Every Thursday, Jeremy Sullivan sits down for a night of gaming.
But instead of an elaborate controller, he guides his heroes with dice and cards.
Sullivan is a member of the Mount Pleasant Gaming Association, a registered student organization focused on bringing people together to play different types of non-electronic games.
Mount Pleasant resident Allen Shock said he helped found the club in 1986.
“(MPGA) allows all kinds of games, role playing games, board games, card games,” Shock said. “But we prefer games that don’t require batteries.”
He said the club offers an alternative option to students who don’t like going to the bar.
Sullivan, a Grant sophomore, said he has been attending the weekly gathering since last year after his girlfriend and club president Hannah Jenkins introduced him to the club.
“Last year, I played ‘Axis and Allies,’ ‘Command and Conquer’ and other games like that,” Sullivan said. “But this year, I am playing role playing games like ‘Marvel Superheroes’.”
He said the weekly get-together is always full of “good times and good people.”
That is the atmosphere Shock said he has tried to cultivate throughout the two-and-a-half decades of weekly gaming arranged by the group.
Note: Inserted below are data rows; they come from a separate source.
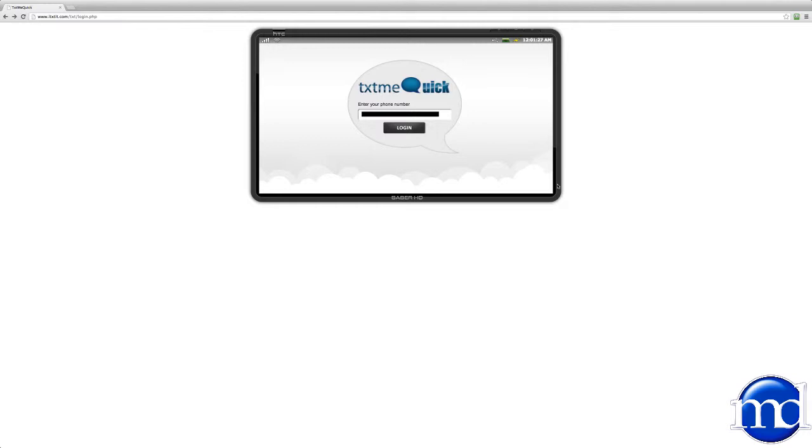Hello, welcome to Text Me Quick. Text Me Quick is a mobile-to-business text messaging system that lets businesses build and maintain contact with more clients more effectively via text.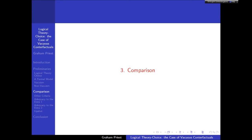That was the preliminary stuff. Now, remember I've given you a theory of theory choice — about the weighted sum of the behavior of the theory on various criteria — and we've now got two theories to apply the theory of theory choice to. What I'm going to do now is actually apply the theory of theory choice to choose between those two theories.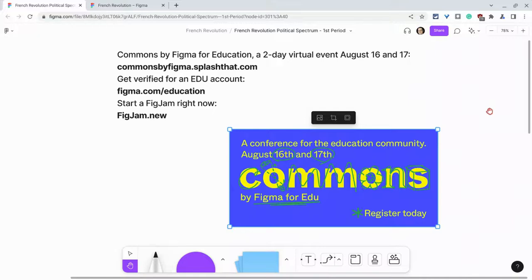If you have any questions about duplicating FigJams, please comment below or tweet me at Tom E. Mullaney. Please like, share, and subscribe. Thank you so much for watching.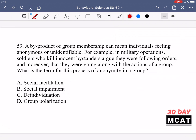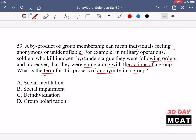In question 59, a byproduct of group membership can mean individuals feeling anonymous or unidentifiable. For example, in military operations, soldiers who kill innocent bystanders argue they were following orders and going along with the actions of a group. What is the term for this process of anonymity in a group? We're looking for what happens when people lose themselves, forget their individual characteristics, and start to follow the group — kind of mob mentality. That is option C: deindividuation or deindividualization, where people lose their sense of identity in a group.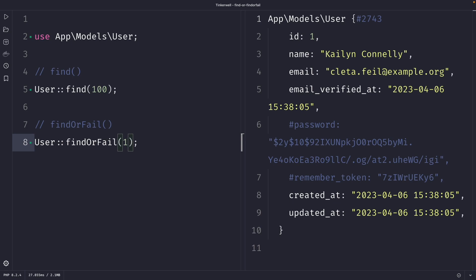Quick summary: both the find and findOrFail methods in Laravel are used to retrieve records from the database based on the primary key. The find method returns null if the record does not exist, while the findOrFail method throws an exception. I personally think it's better to use findOrFail if there is a possibility that the record does not exist, because an error message provides more information about the problem than returning null.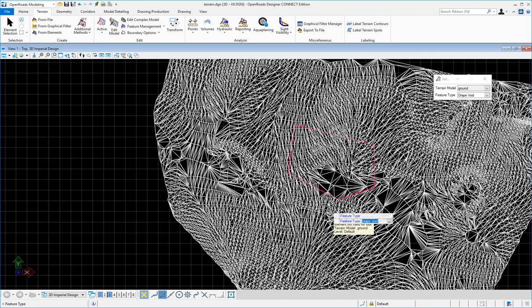Now the feature type comes up and here you can select what type of feature you want, a hole or a drape void. I want a drape void because I want the edges to drape. I want the edges of the shape to be draped on the terrain.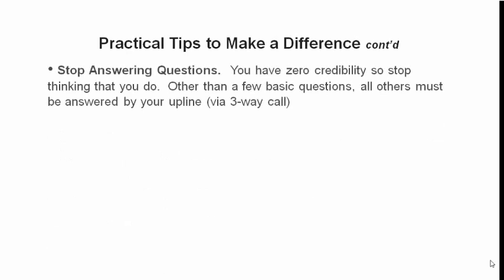Stop answering questions. You have zero credibility, so stop thinking that you do. Other than a few basic questions, all others must be answered by your upline via the three-way call, three-way chat, three-way something. You've got to get good at linking people up to people like me. Early. Do it early. After they've watched an overview video, that's when you do it. After they've watched the video about the business, whether it's one of my concept videos, or whether it's my overview video, or whether it's a company-produced video.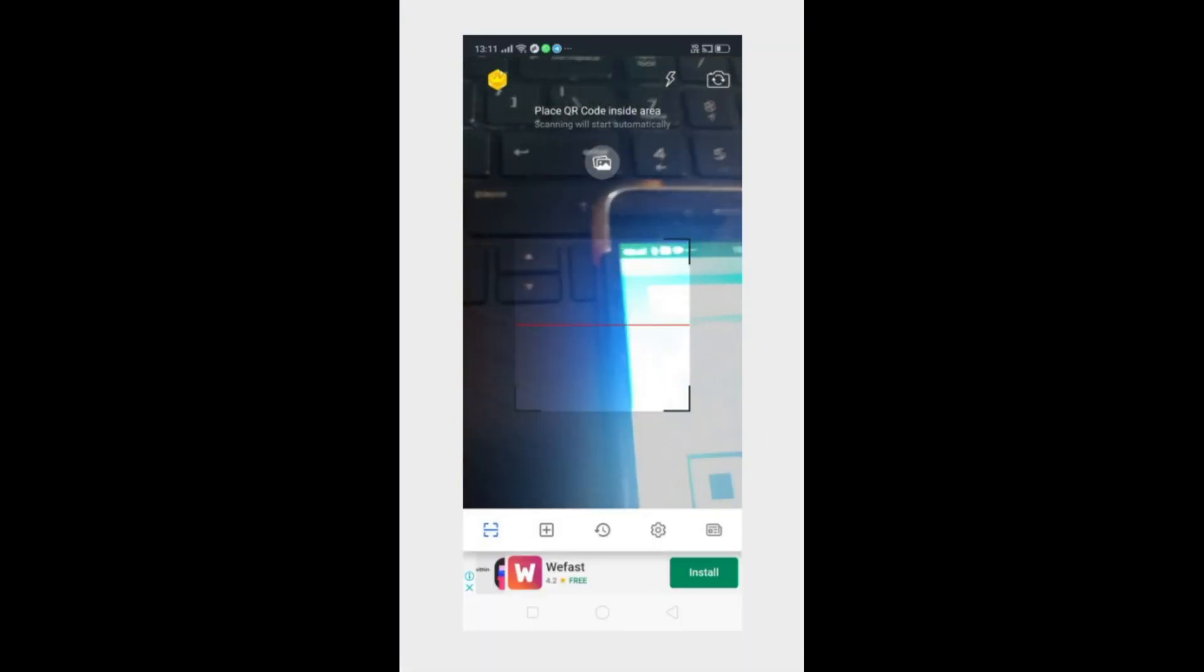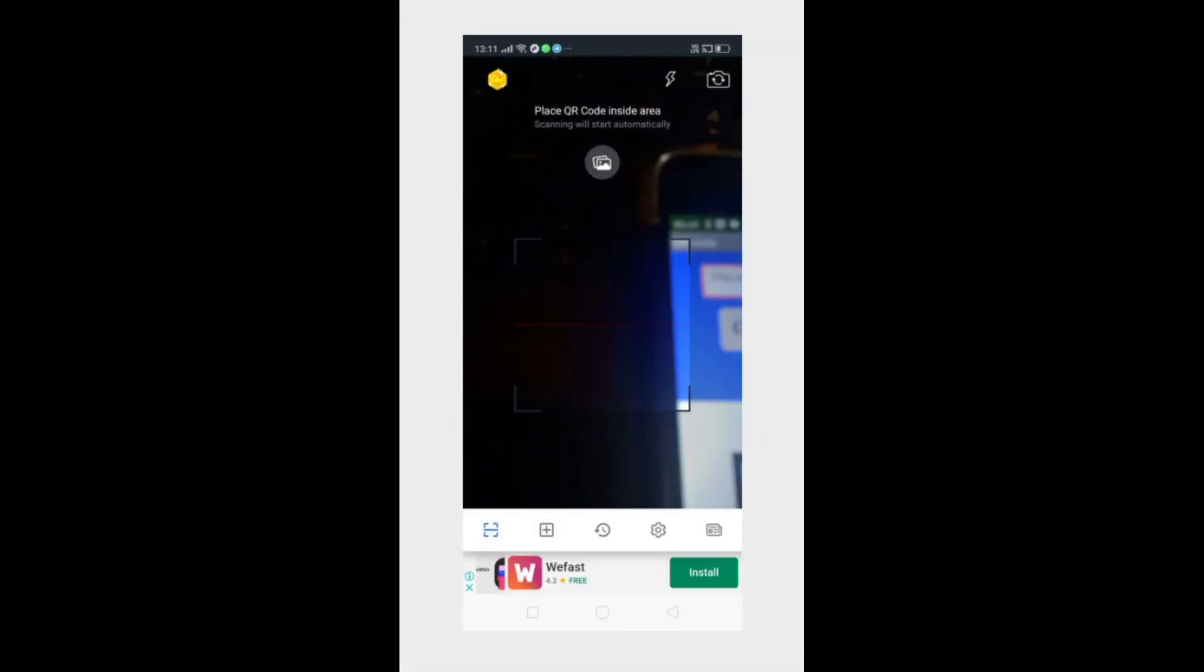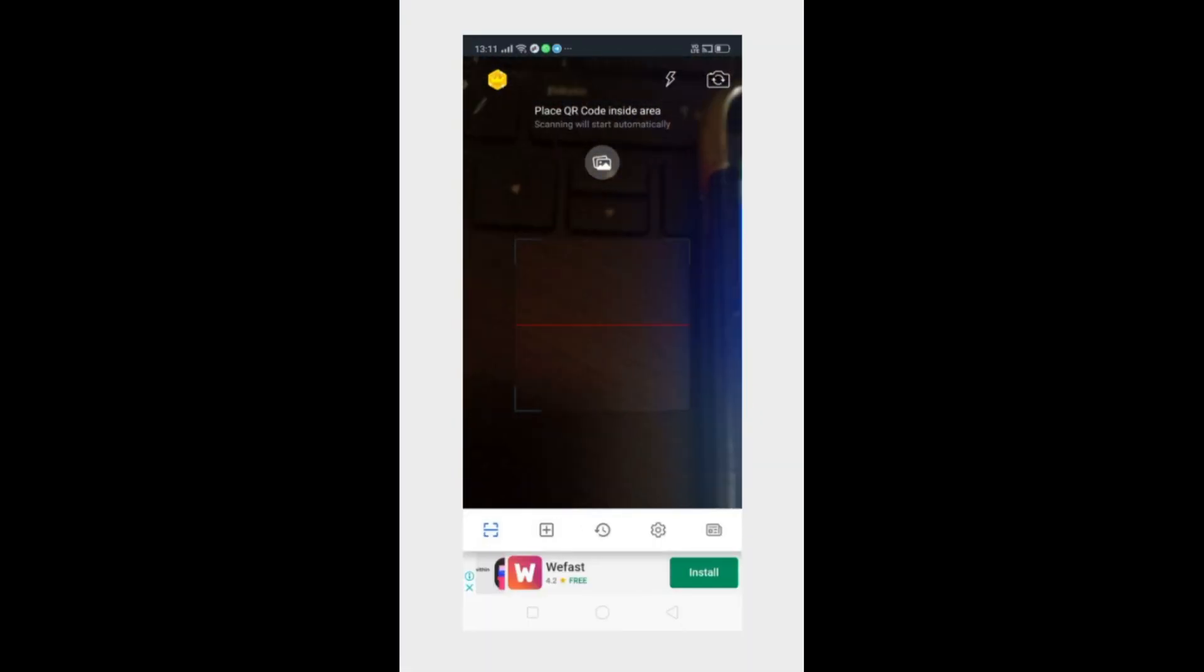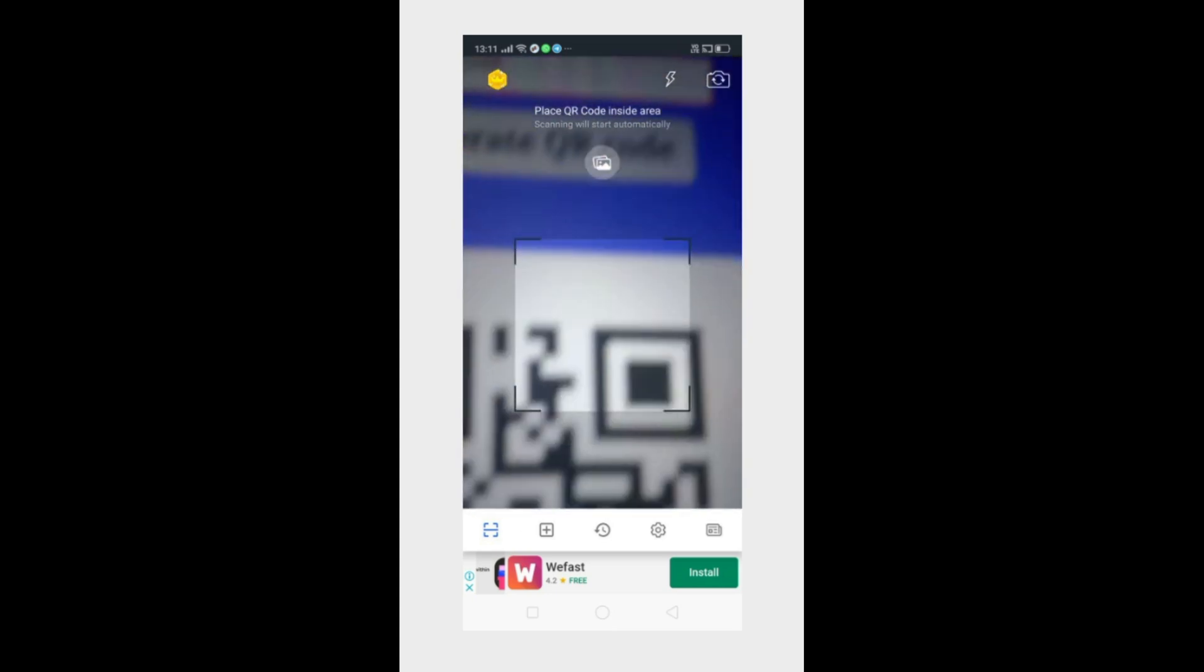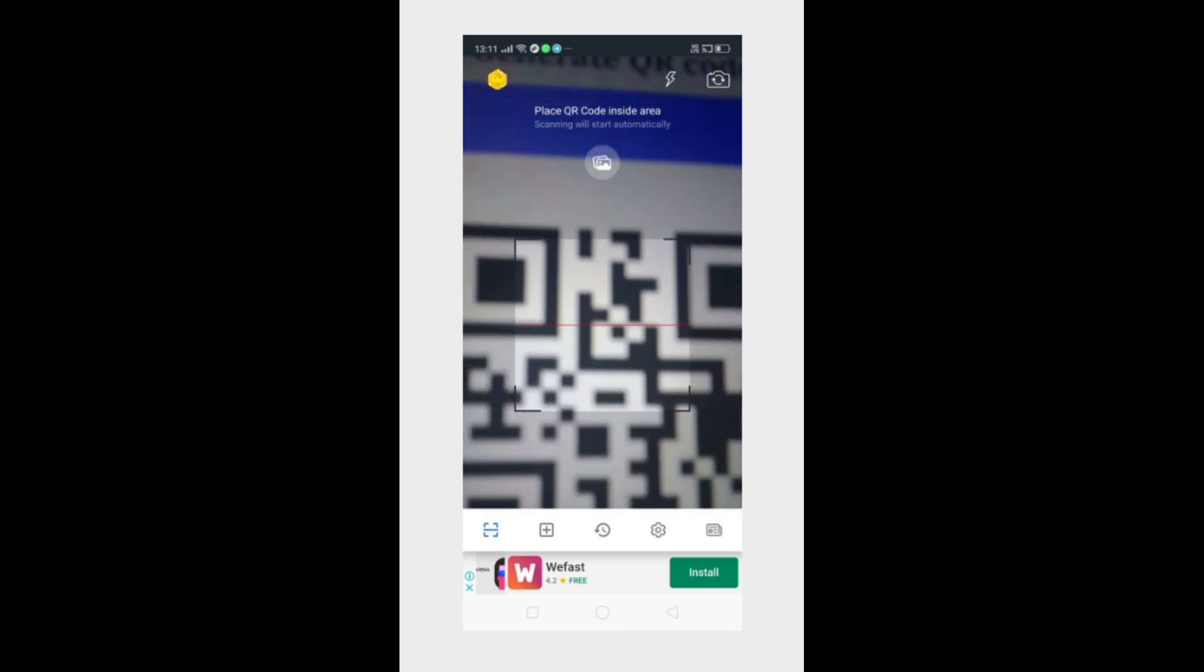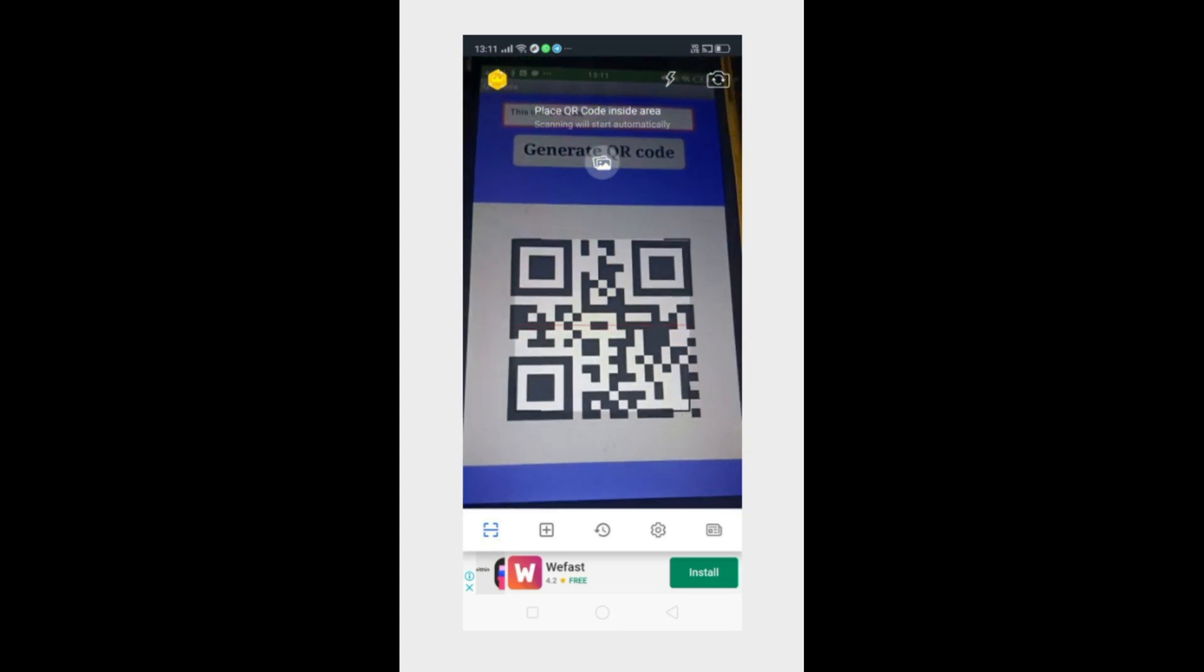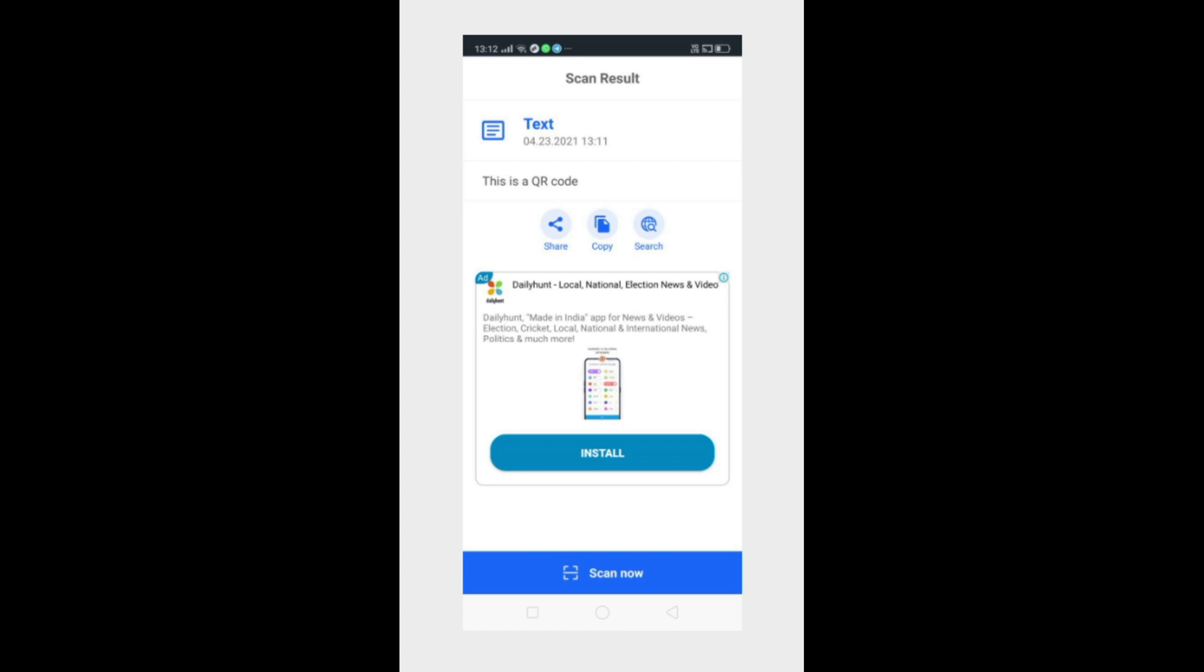So now I am scanning this QR code with another device. So I just scan this.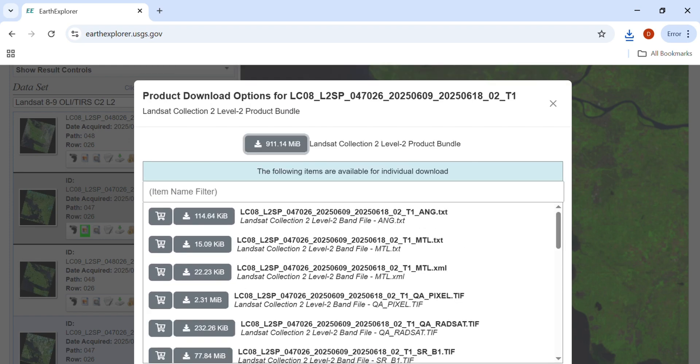You can also check out Copernicus Open Access Hub for Sentinel data or NASA Earth Data for more options — I will cover those in future videos. That's it for this tutorial. Now you know how to download satellite images for your own projects. If you found this helpful, please subscribe for more weekly tutorials. Drop a comment if you have questions or want to request a topic. I'll see you in the next one. Thank you.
MPGA’s faculty advisor Larry Brunner said he likes the group of people who come every week.
“We have a really good mix of people,” the associate professor of economics said. “There are students, people within the town and a few who commute every week.”
One of those commuters is Grace Daines, who has made the trek from Midland every week with her husband Joe since January.
She said after her three children went off to school, they were looking for more people to play games with.
“We stumbled upon the club while looking for people to play with,” she said, “and we have been coming back every week.”
Former CMU student Ben Wolpoff said he started attending the club when he was a student and still makes the commute every week from his hometown of Chelsea.
“My entire social group is still up here,” he said. “So I come up every Thursday and stay for the weekend.”
One of the reasons the RSO is so unique, Wolpoff said, is many students continue coming even after leaving Central Michigan University.
Shock said they are always looking to expand too.
“We could definitely use more people, especially to run games,” Shock said. “Plus it’s free to join, there are no dues.”